6. ISSUANCE OF SHARES
Upon the lapse of the Restricted Period with respect to
portions of Restricted Stock, Employee shall be entitled to (i) delivery of
certificates representing shares of the common stock of the Corporation formerly
restricted (and any applicable stock distributions) and to have removed from
such certificates the legend required by Article 3a above, or, (ii) in the case
of Restricted Stock Units, at the option of the Employee, payment of the
equivalent cash value of such common stock. Transfer by the Corporation of such
shares or payment of cash shall occur as promptly as practicable after the lapse
of the relevant Restricted Period.
7. COMPLIANCE WITH LAW AND REGULATIONS
This Agreement and the obligation of the Corporation to
deliver shares hereunder, shall be subject to all applicable Federal and State
laws, rules and regulations and to such approvals by any government or
regulatory agency as may be required.
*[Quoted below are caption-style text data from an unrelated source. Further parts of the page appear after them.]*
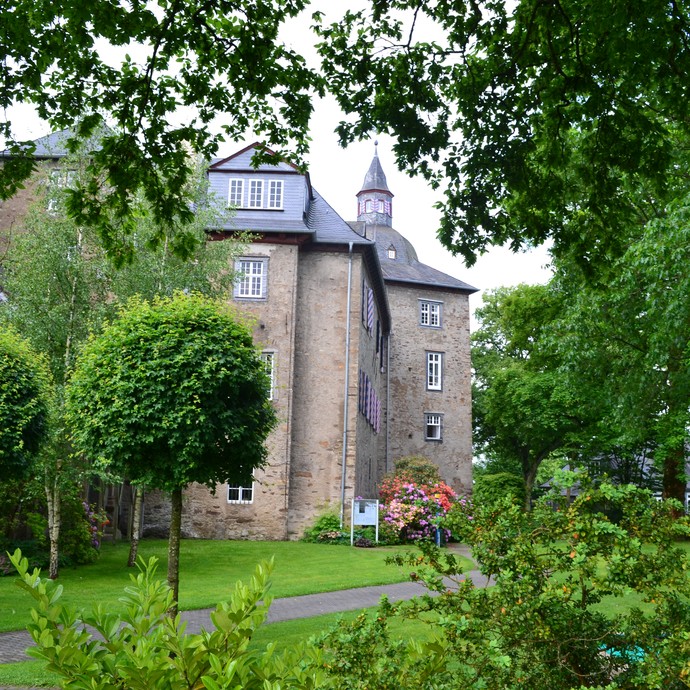 Oberes Schloss in Siegen (Altertumskommission). (vergrößerte Bildansicht wird geöffnet)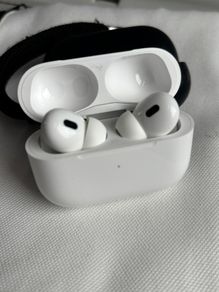 Apple AirPods Pro 1st Generation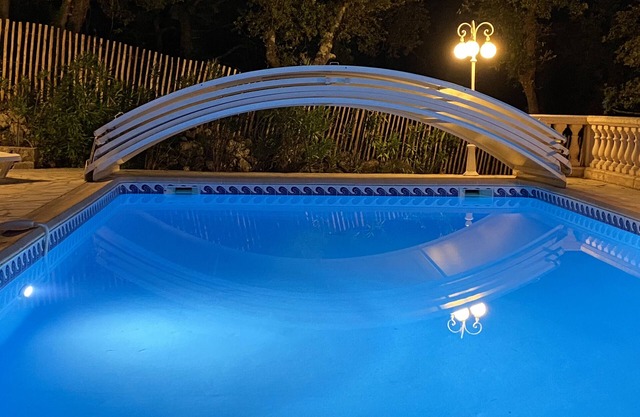 HOUSE IN THE VINEYARDS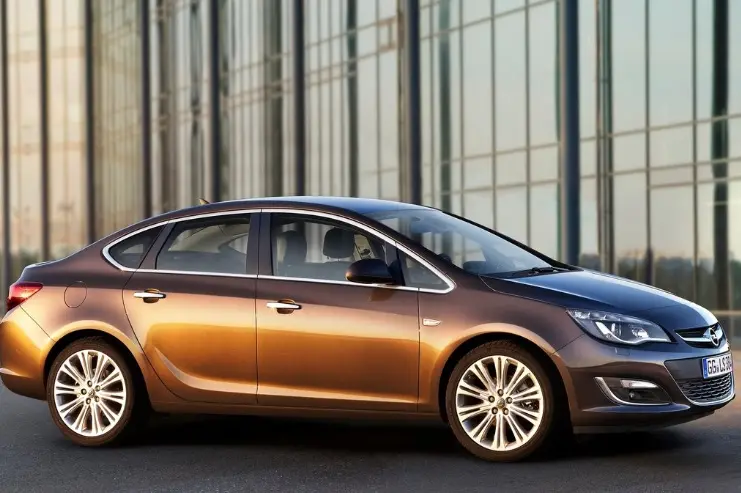 Opel Astra Astra Sedan 1.4 Turbo Edition Plus 2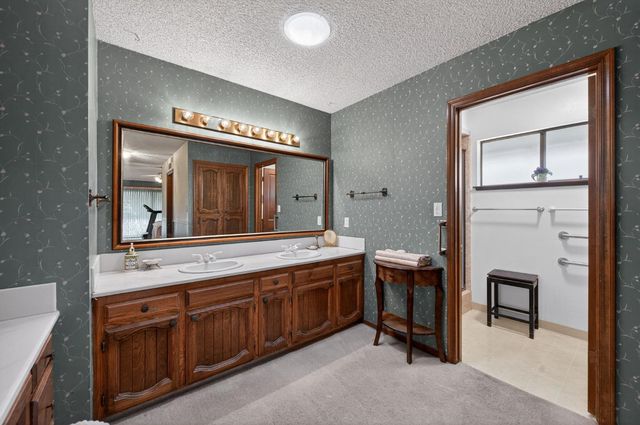 2067 W Minarets Avenue, Fresno, CA 93711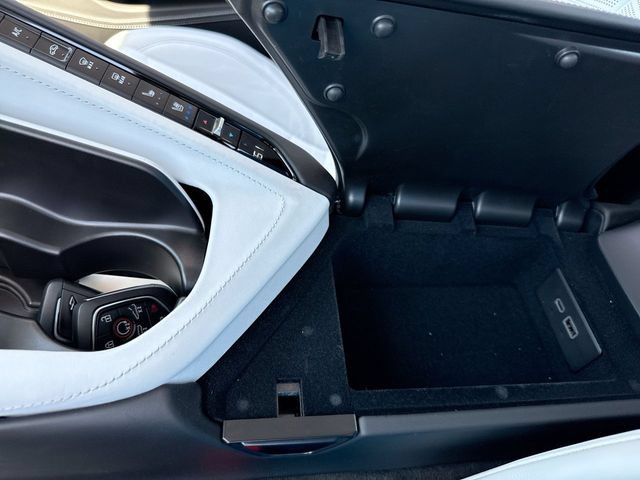 Used 2025 Chevrolet Corvette Z06 RWD image 21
The Corporation shall not be required to
issue or deliver any certificates for shares of stock prior to (a) the listing
of such shares on any stock exchange in which the stock may then be listed and
(b) the completion of any registration or qualification of such shares under any
Federal or State law, or any rule or regulation of any government body which the
Corporation shall, in its sole discretion, determine to be necessary or
advisable. Moreover, the Corporation shall not be required to deliver shares if
the transfer or the receipt of such shares of stock would be contrary to
applicable law.
8. NOTICE
Every notice or other communication relating to this Agreement
shall be in writing, and shall be mailed to or delivered to the party for whom
it is intended at such address as may from time to time be designated by it in a
notice mailed or delivered to the other party as herein provided; provided that,
unless and until some other address is so designated, all notices or
communications by the Employee to the Corporation shall be mailed or delivered
to the Corporation at its office at 00 Xxxxxxxxx Xxxxxx, Xxxxxx Xxxxxx Xxxxx, XX
00000, Attention: Chief Financial Officer, and all notices or communications by
the Corporation to the Employee may be given to the Employee personally or may
be mailed to him or her at the address shown below his or her signature to this
Agreement.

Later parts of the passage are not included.